Here's a patch implementing the WALWriteAllowed() idea (I'm not wedded
to the name). There's two things that trouble me with this patch:

- CreateCheckPoint() calls AdvanceXLInsertBuffer() before setting
LocalWALWriteAllowed. I don't see anything in AdvanceXLInsertBuffer()
that would fail, but it doesn't feel right. While strictly speaking it
doesn't insert new WAL records, it does write WAL page headers.
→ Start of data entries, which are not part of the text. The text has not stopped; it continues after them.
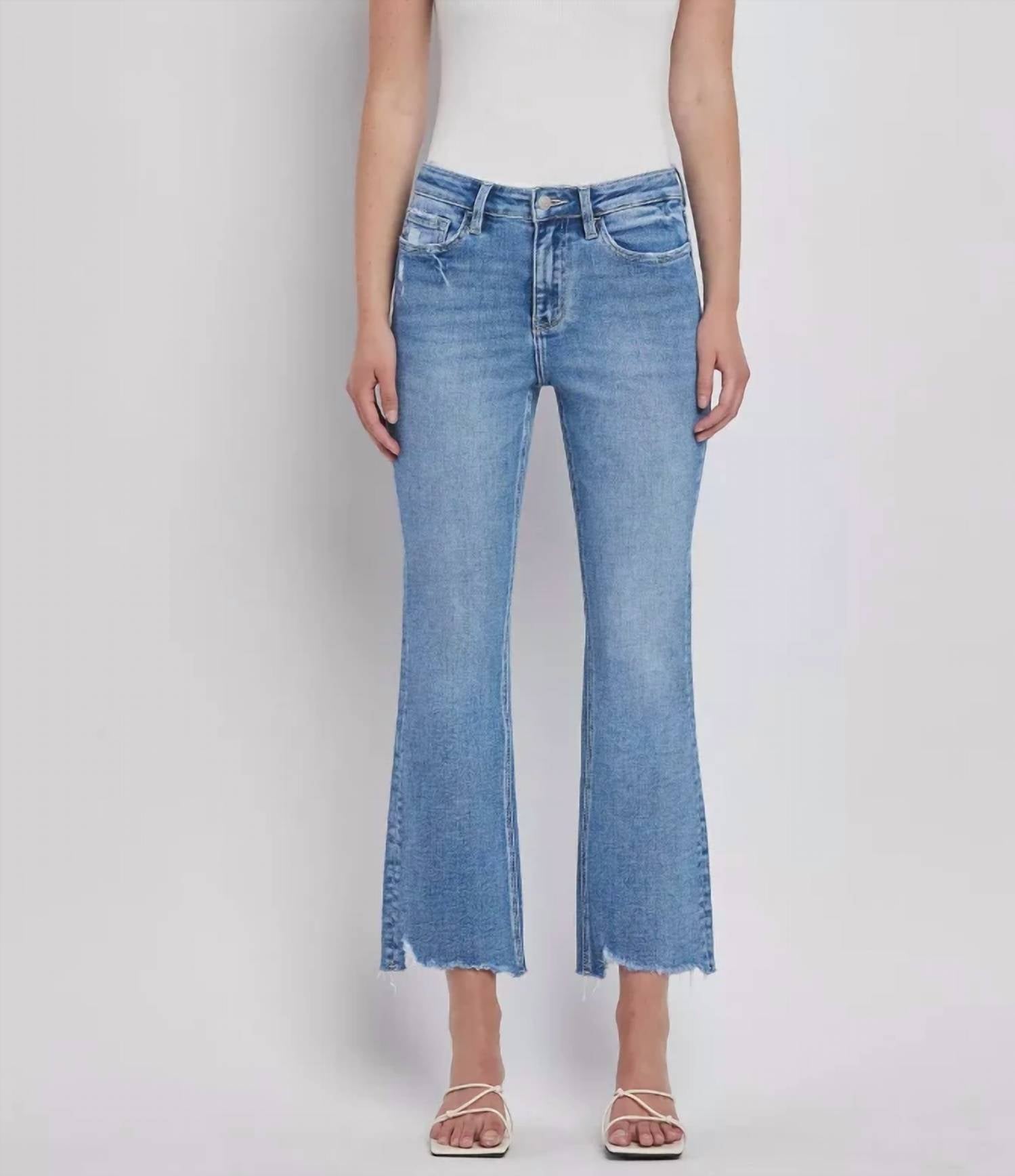 Vervet By Flying Monkey - Women's Mallory Lovervet Non Distressed Kick Flare Jeans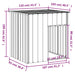 Casă câine & acoperiș gri deschis 110x103x109 oțel galvanizat - WALTI WALTI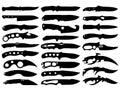 Silhouette knife collection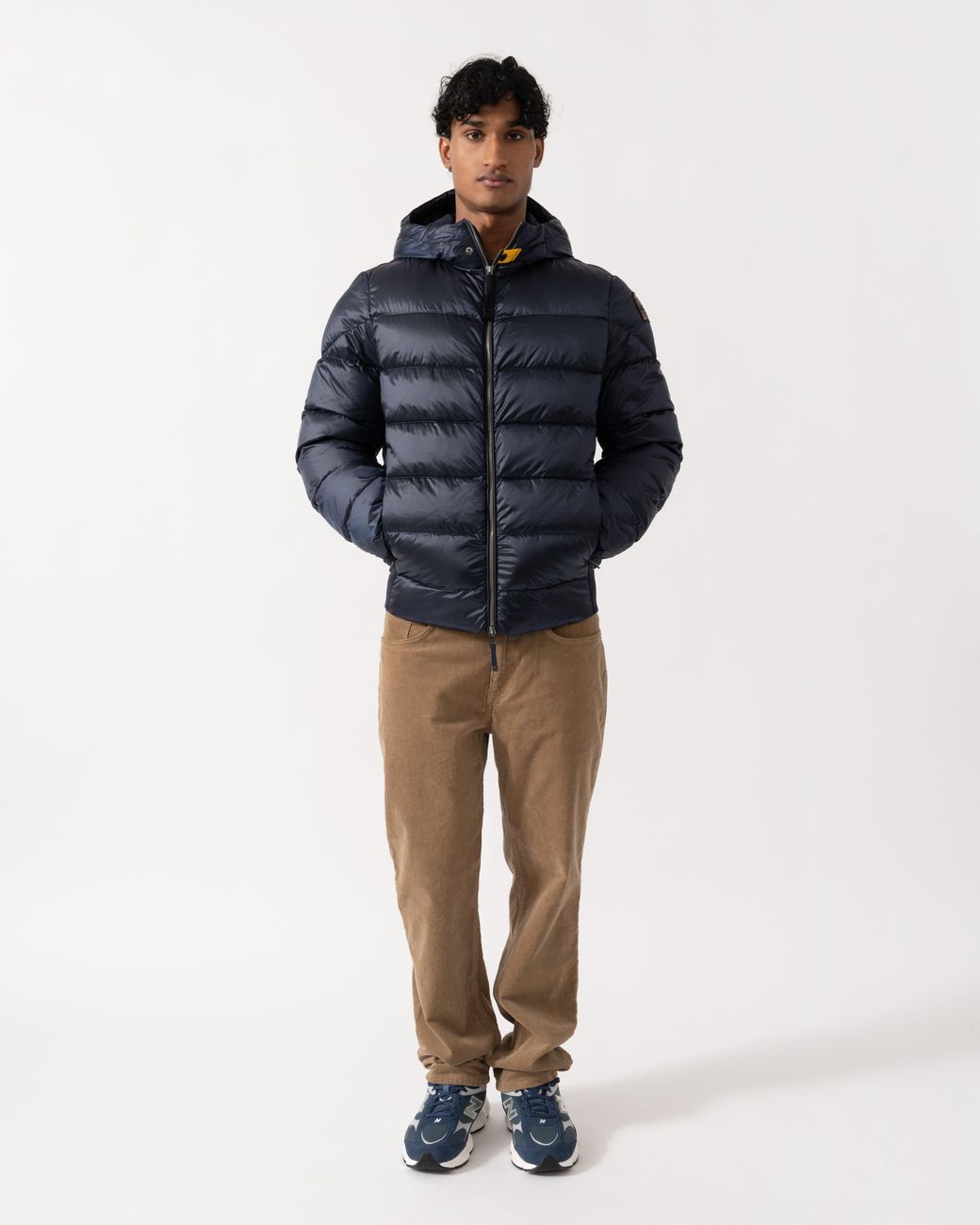 Parajumpers Blue Pharrell Hooded Down Bomber Jacket for men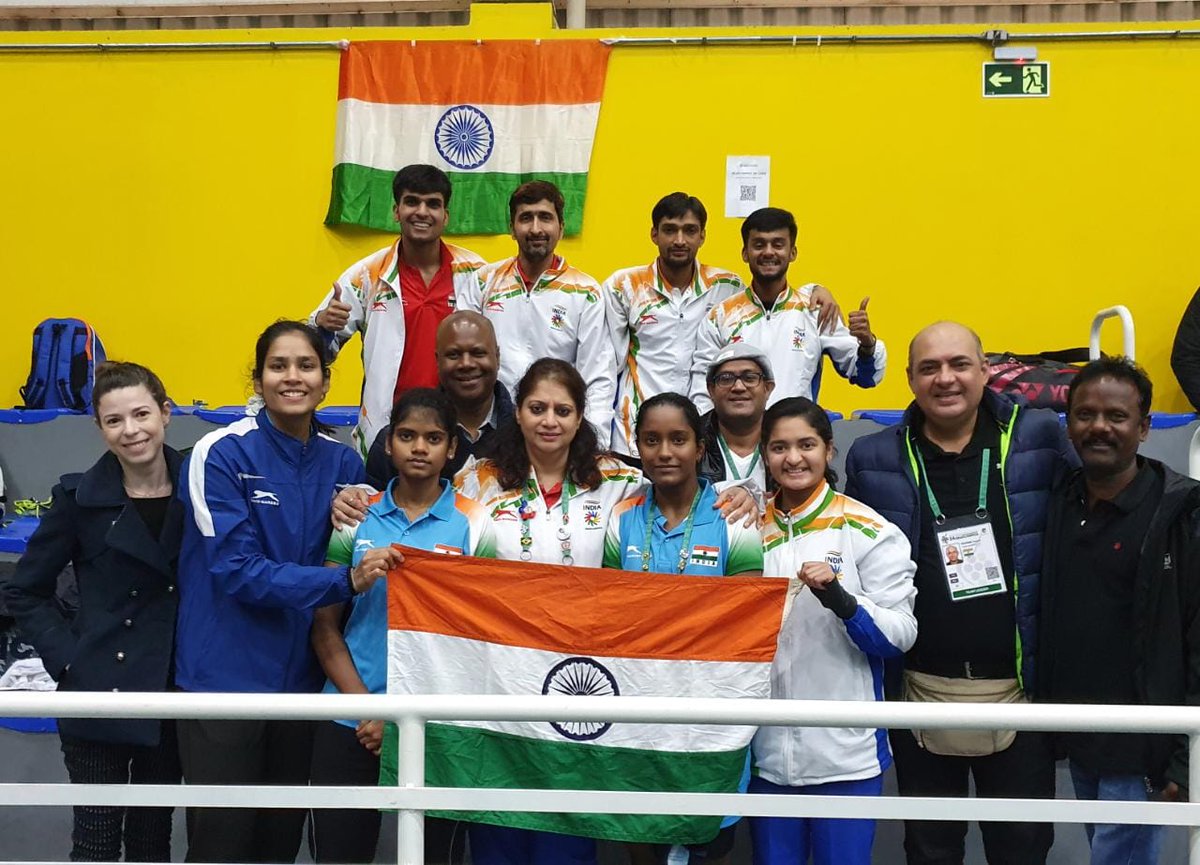 Ashni Dhaor (@dhaorashni) on Twitter photo Indian badminton team has reached the Finals at #Deaflympics!!
India won against Chinese Taipei by 3-1
Cheers for Indian team!! Praying and hoping they win Gold!! <a href="/ianuragthakur/">Anurag Thakur</a> <a href="/IndiaSports/">Dept of Sports MYAS</a> <a href="/Media_SAI/">SAI Media</a> Indian badminton team has reached the Finals at #Deaflympics!!
India won against Chinese Taipei by 3-1
Cheers for Indian team!! Praying and hoping they win Gold!! <a href="/ianuragthakur/">Anurag Thakur</a> <a href="/IndiaSports/">Dept of Sports MYAS</a> <a href="/Media_SAI/">SAI Media</a>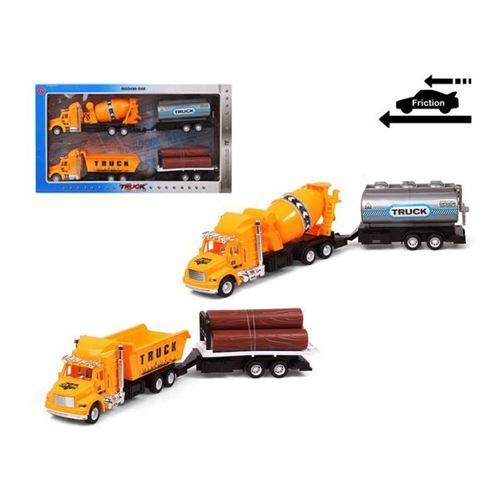 Set de voitures Camion travaux publics Jaune 119251 (2 Uds)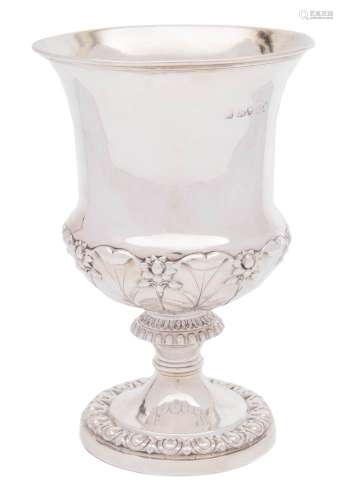 A George IV silver goblet, maker Rebecca Emes & Edward Barnard I, London,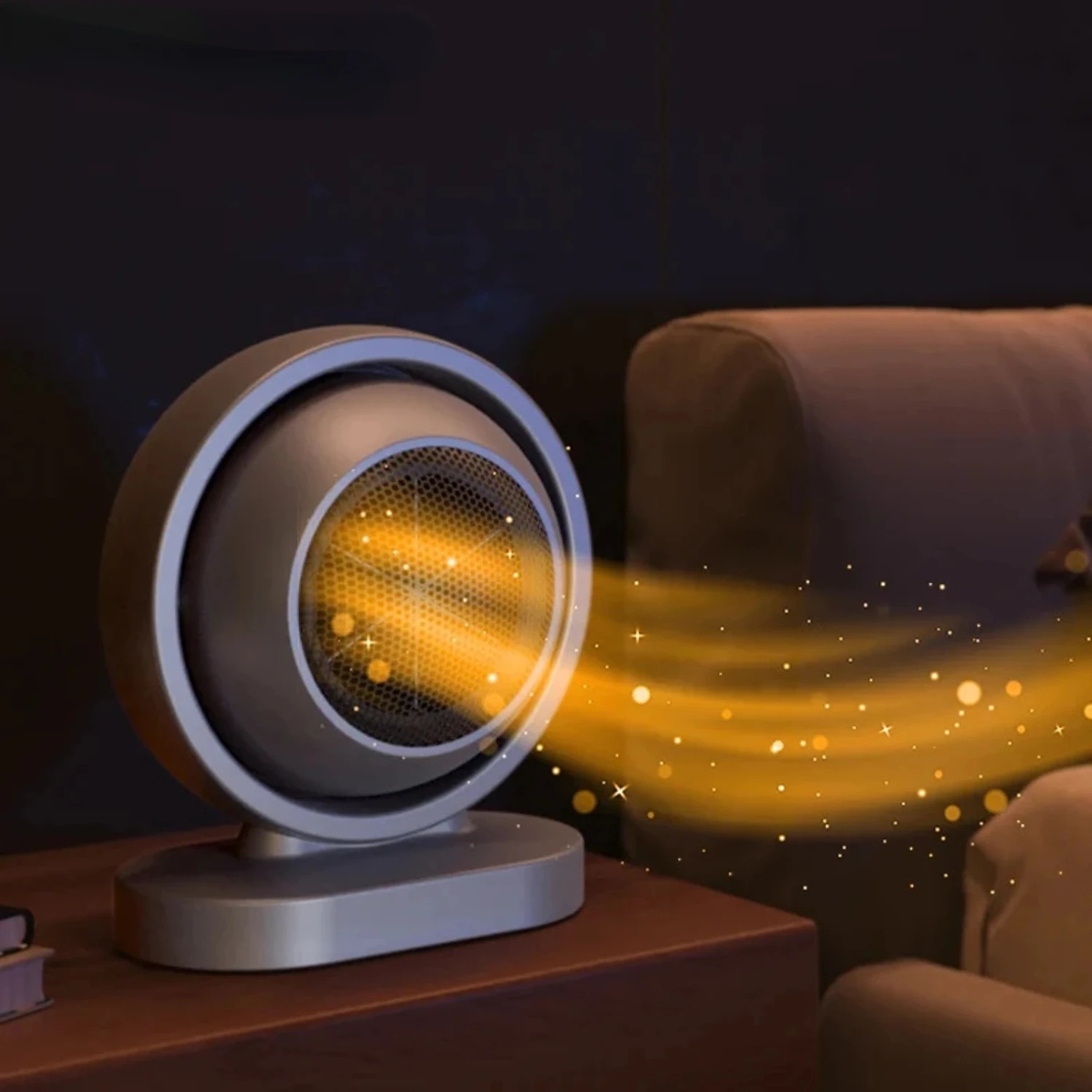 

Компактный и эффективный мини-настольный вентилятор: обеспечивающий уютное зимнее тепло и комфорт с помощью нагревателя печи с низким потреблением и горячим воздухом.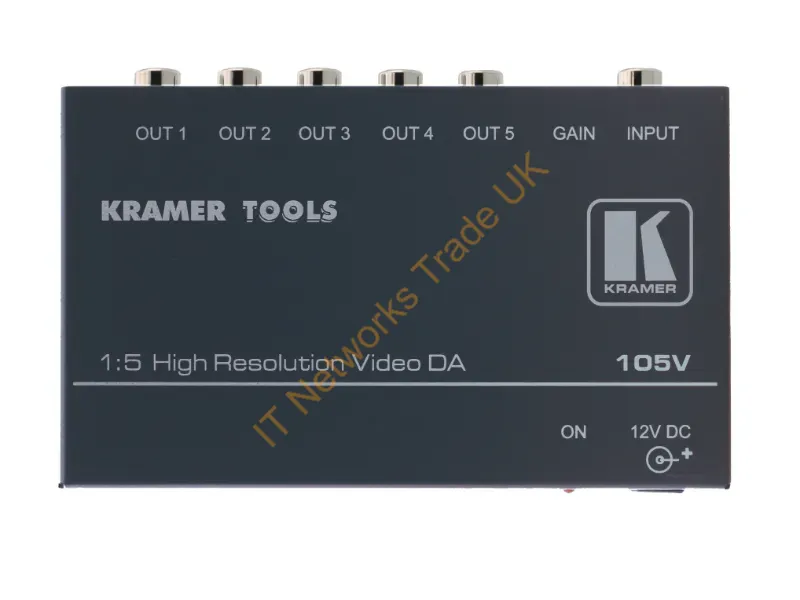 105V - Kramer Electronics 105V Video Line Amplifier 400 Mhz Black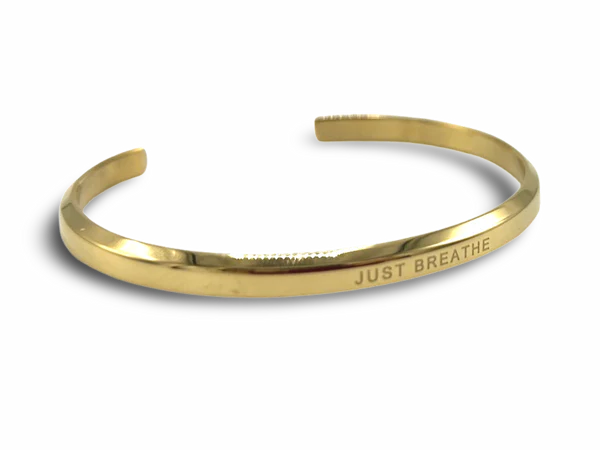 AFFIRMATION BANGLE-JUST BREATHE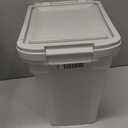 IRIS USA Airtight Dog Food Storage Container, WeatherPro, Up to 10 lbs, for Dog Cat Bird and Other Pet Food Storage Bin, Keep Fresh, Translucent Body, Made in USA, Clear/Gray
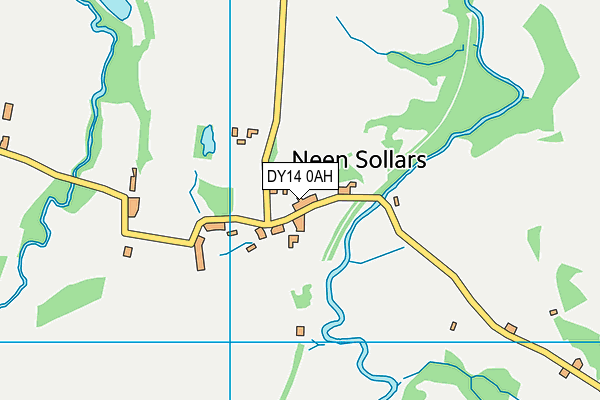 DY14 0AH map - OS VectorMap District (Ordnance Survey)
- As noted with an XXX comment in the patch, CreateCheckPoint() now
resets LocalWALWriteAllowed to false after a shutdown/end-of-recovery
checkpoint. But that's not enough to stop WAL inserts after a shutdown
checkpoint, because when RecoveryInProgress() is false, we
WALWriteAllowed() still returns true. We haven't had such a safeguard in
place before, so we can keep living without it, but now that we have a
WALWriteAllowed() macro it would be nice if it returned false when WAL
writes are no longer allowed after a shutdown checkpoint. (that would've
caught a bug in Guillaume Smet's original patch to rotate a WAL segment
at shutdown, where the xlog switch was done after shutdown checkpoint)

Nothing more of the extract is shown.